Thus, there is a need in the art for an automated tool for facilitating debugging of simulation results obtained for an optimized simulation model of a device having hierarchically-connected components. The present invention is directed to meeting this need.
In accordance with an aspect of the present invention, a computer-implemented method is provided for facilitating debugging of simulation results obtained for an optimized simulation model of a device design having hierarchically-connected components. The method includes: receiving a component port name of the device design to be searched; automatically checking a hardware descriptive language description of the device design for a next higher level component of the device that instantiates the component having the component port name to be searched; locating a signal name in the next higher level component that is connected to the port identified by the component port name; and outputting the signal name as a signal that drives the named component port when the signal is other than a port signal of the next higher level component.

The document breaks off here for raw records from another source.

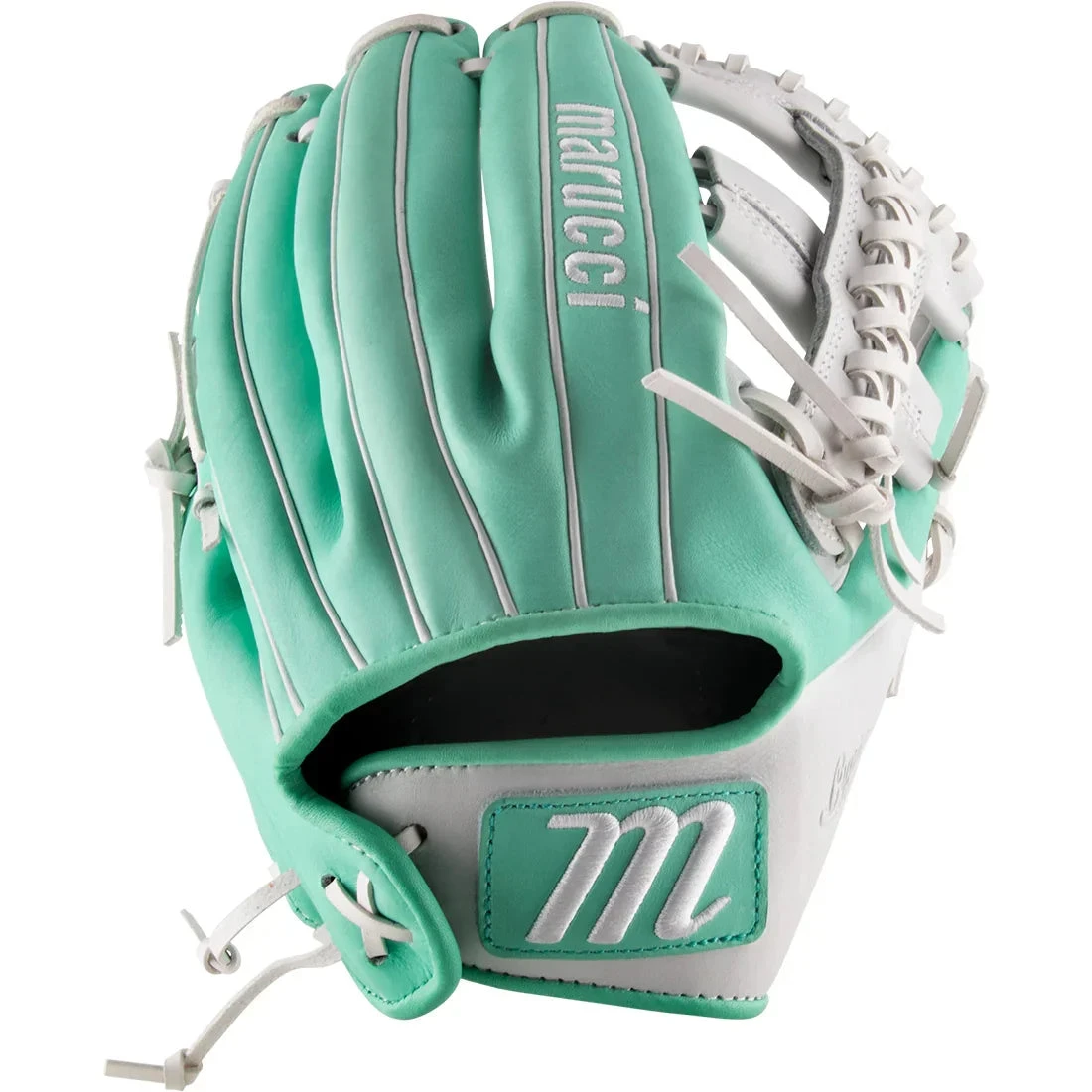 Marucci Cypress Series 45A5 12" Fastpitch Infield Glove: MFGCYFP45A5 3 Marucci Cypress Series 45A5 12" Fastpitch Infield Glove: MFGCYFP45A5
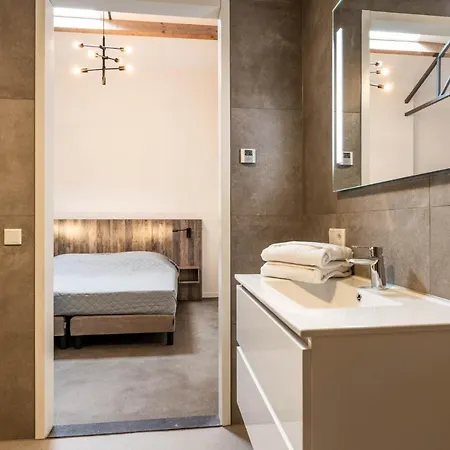 アパート Centro Shortstay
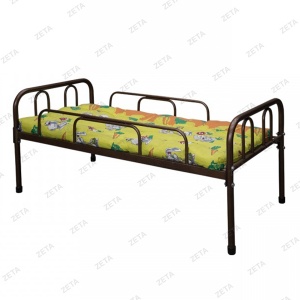 Metal and forged beds Bed 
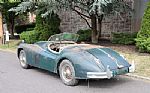 1957 XK140 Thumbnail 6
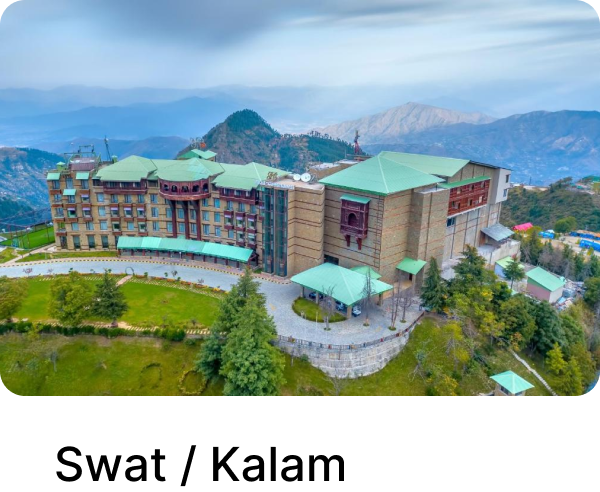 Swat / Kalam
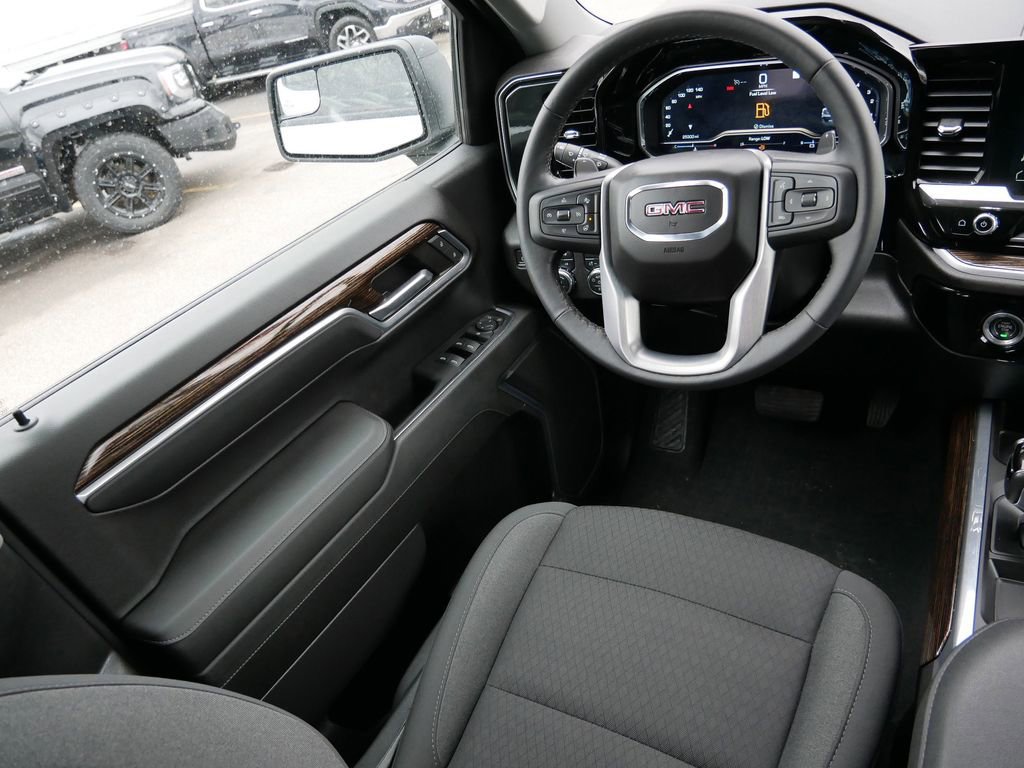 Used 2022 GMC Sierra 1500 Elevation AWD/4WD image 18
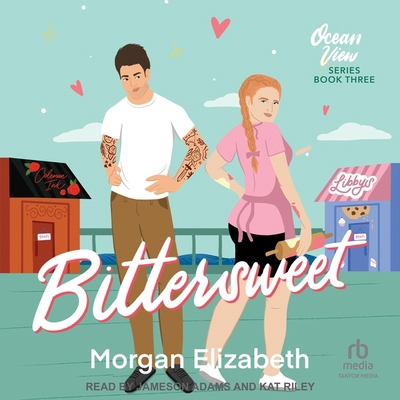 Bittersweet B0CW543DS4 Book Cover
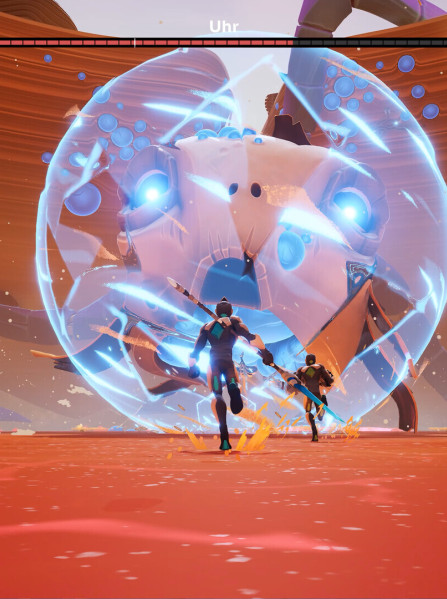 Godbreakers (PC) - Steam Key - GLOBAL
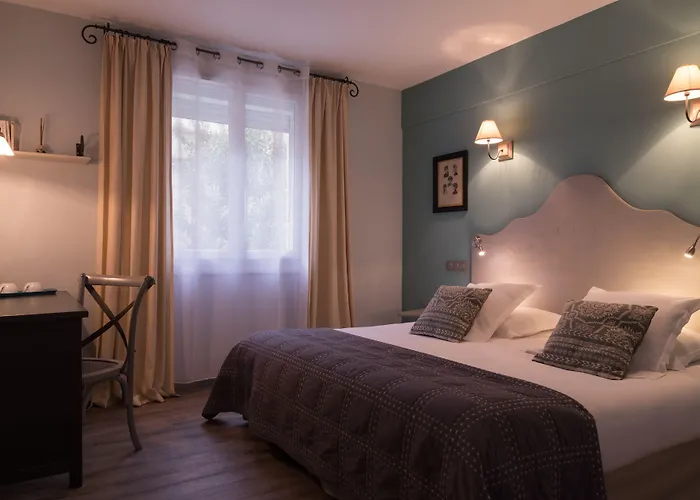 The Originals Boutique, Hôtel du Parc, Cavaillon (Inter-Hotel)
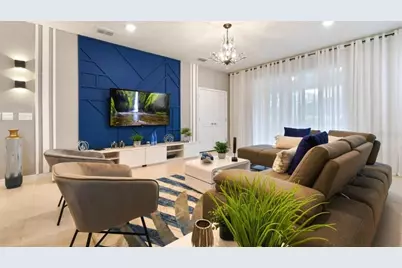 3348 Lilac Way, Davenport, FL 33897 - Photo 4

In another aspect, a system for facilitating debugging of simulation results obtained for an optimized simulation model of a device design having hierarchically-connected components is provided. This system includes a computer-implemented processing tool. The computer-implemented processing tool includes means for: receiving a component port name of the device design to be searched; automatically checking a hardware descriptive language description of the device design for a next higher level component of the device that instantiates the component having the component port name to be searched; locating a signal name in the next higher level component that is connected to the port identified by the component port name; and outputting the signal name as a signal that drives the named component port when the signal is other than a port signal of the next higher level component.
In a further aspect, at least one program storage device is provided readable by a computer, tangibly embodying at least one program of instructions executable by the computer, to perform a method of facilitating debugging of simulation results obtained for an optimized simulation model of a device design having hierarchically-connected components. The method includes: receiving a component port name of the device design to be searched; automatically checking a hardware descriptive language description of the device design for a next higher level component of the device that instantiates the component having the component port name to be searched; locating a signal name in the next higher level component that is connected to the port identified by the component port name; and outputting the signal name as a signal that drives the named component port when the signal is other than a port signal of the next higher level component.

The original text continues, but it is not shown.